ASSIGNMENT =>
From the line containing "Sim Đôi Là Gì?" to the line containing "RH0666-1 AKDY Cfm Convertible Hood #3" in the entries below, reproduce every line exactly, ends included. Nothing else belongs in the copy, and no pictures.

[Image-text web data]
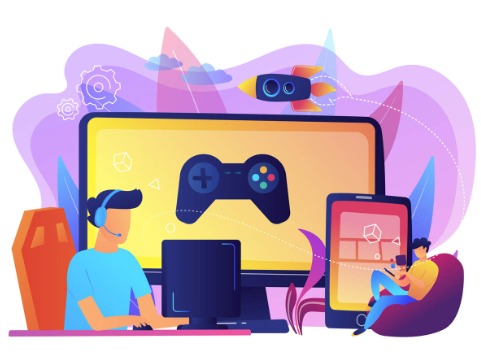 CBIC notified Rules 31B and 31C for Online Gaming and Actionable Claims in the Case of Casinos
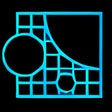 Icon of program: PSO2 Extension
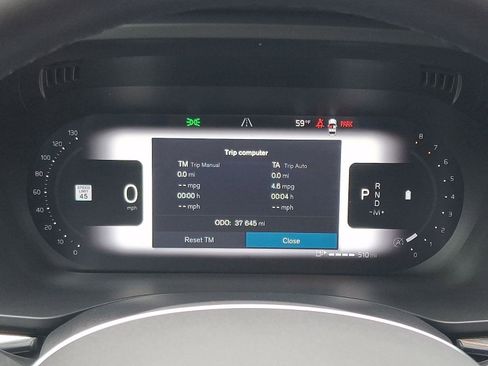 Certified 2023 Volvo XC60 B5 Plus w/ Climate Package AWD/4WD image 22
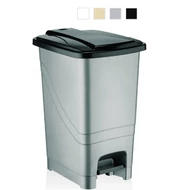 AS-423 SLIM PEDÁLOS KUKA 25L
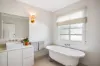 40 Ridge Court, Mooloolah Valley, Qld 4553-Image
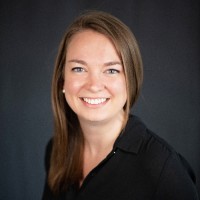 Sarah Scheffler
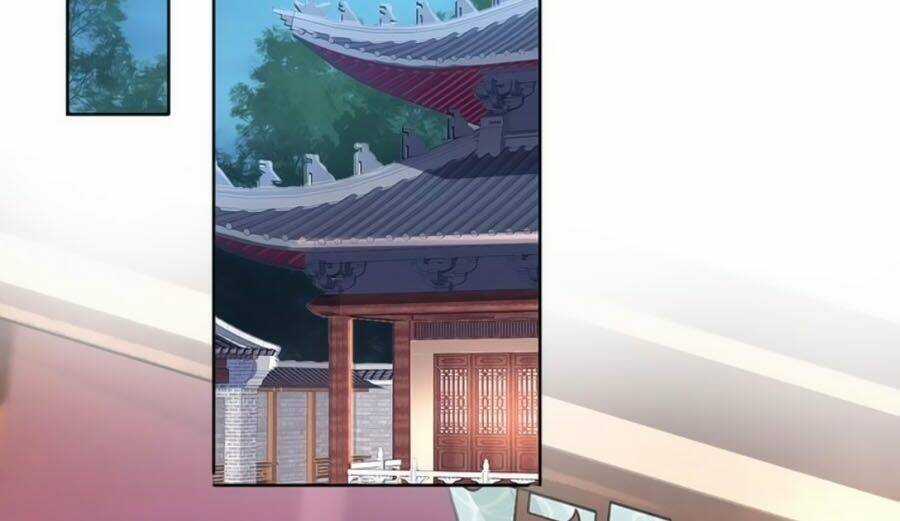 Đế Cung Đông Hoàng Phi - Chapter 64 - Trang 6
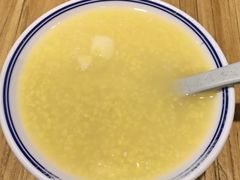 -陇上秦轩西安biangbiang面(EFC欧美金融商业城店)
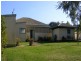 2 Queen Street, Colac VIC 3250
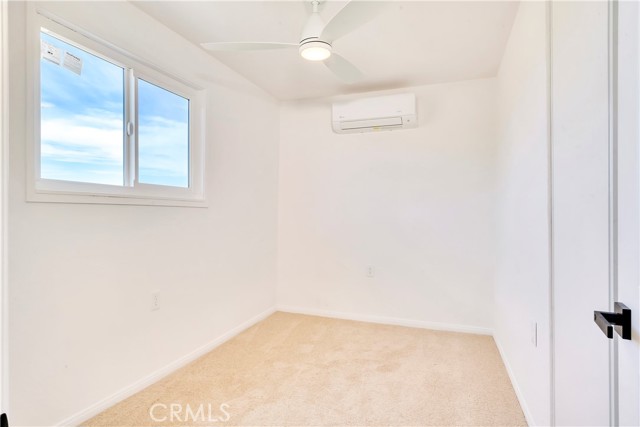 Detail Gallery Image 25 of 48 For 2670 N Sage, Landers,  CA 92285 - 3 Beds | 2 Baths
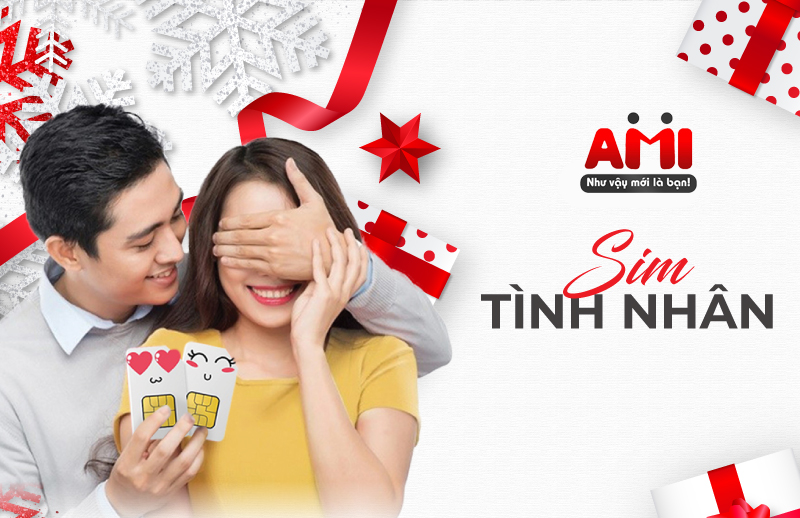 Sim Đôi Là Gì? Cách Chọn Sim Đôi Số Đẹp Tặng Người Yêu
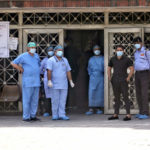 delhi-the-names-and-other-details-of-covid-only-hospitals-in-the-capital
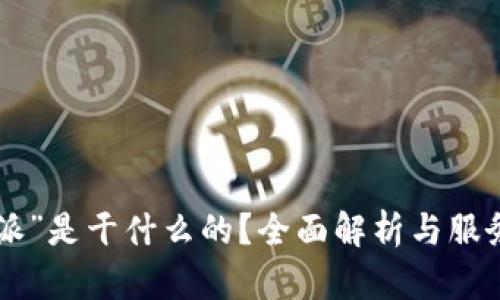 “B特派”是干什么的？全面解析与服务介绍
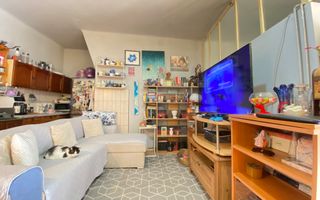 Apartament 3 camere garaj+parcare, Terasa, Ultracentral!! - Poză 3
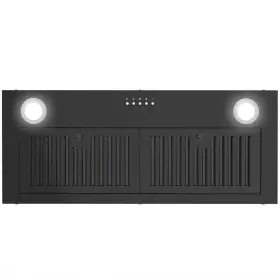 RH0666-1 AKDY Cfm Convertible Hood #3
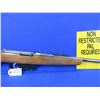 Image 7 : Non-Restricted - Voere Semi Auto Made in Germany in 22LR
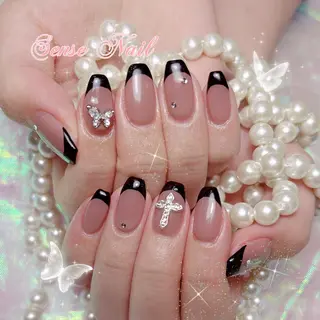 ネイル Maiii 💗のネイルデザイン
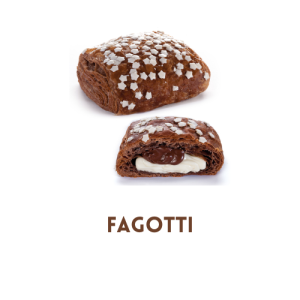 Fagotti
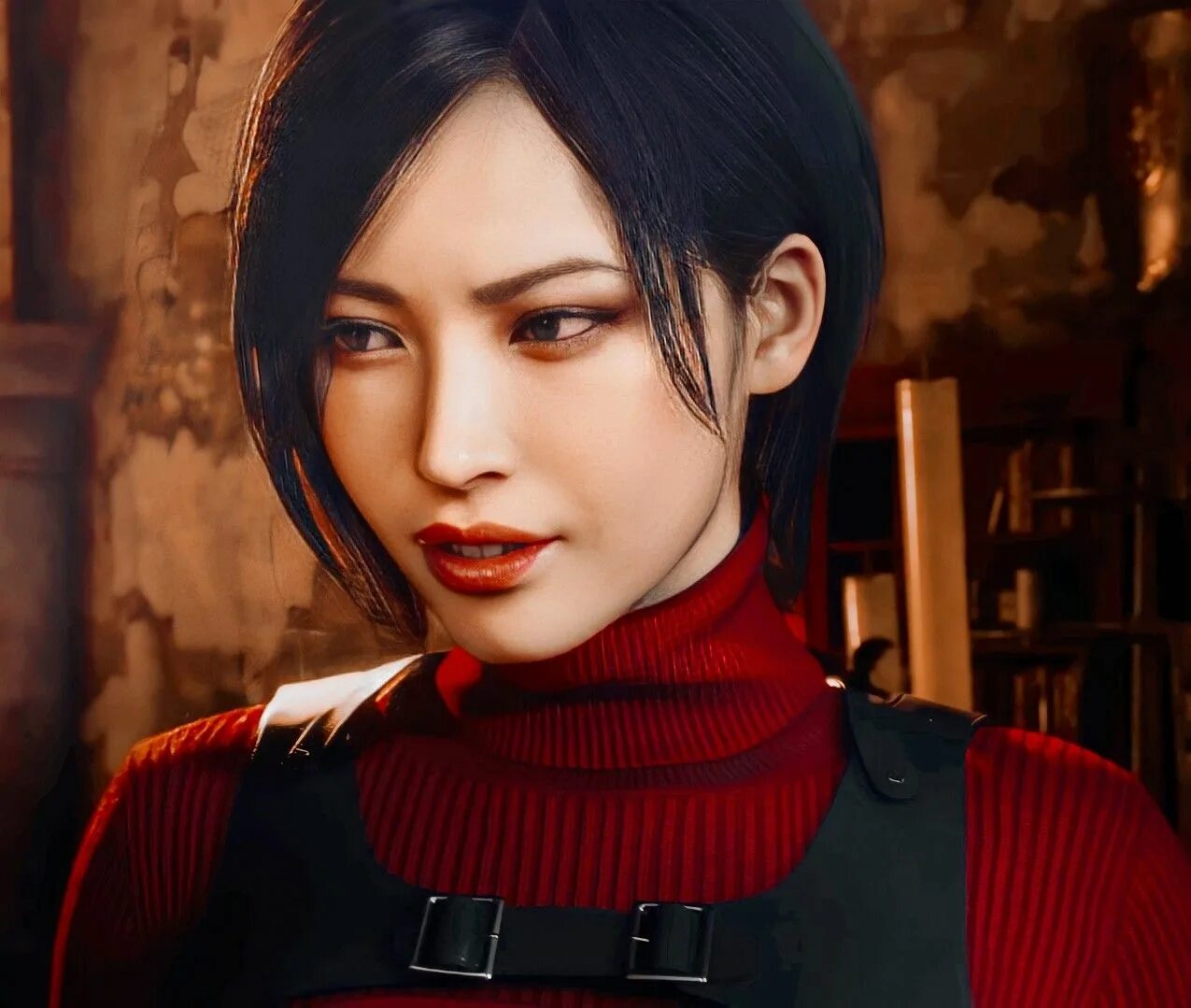 Ада вонг резидент 4 ремейк. Ада вонг резидент 4 ремейк. Ада вонг resident evil 3. Ада вонг резидент ремейк. Ада вонг резидент ремейк.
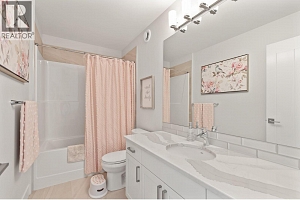 2612 Paramount Drive - Photo 26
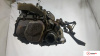 МКПП 5 ст. Opel Astra G 1998-2005, артикул 9049276 Z18XE на Opel Astra G 1998-2005  1.8 л — купить, цена 1800 руб.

EXERCISE RESPONSE =>
 Sim Đôi Là Gì? Cách Chọn Sim Đôi Số Đẹp Tặng Người Yêu
 delhi-the-names-and-other-details-of-covid-only-hospitals-in-the-capital
 “B特派”是干什么的？全面解析与服务介绍
 Apartament 3 camere garaj+parcare, Terasa, Ultracentral!! - Poză 3
 RH0666-1 AKDY Cfm Convertible Hood #3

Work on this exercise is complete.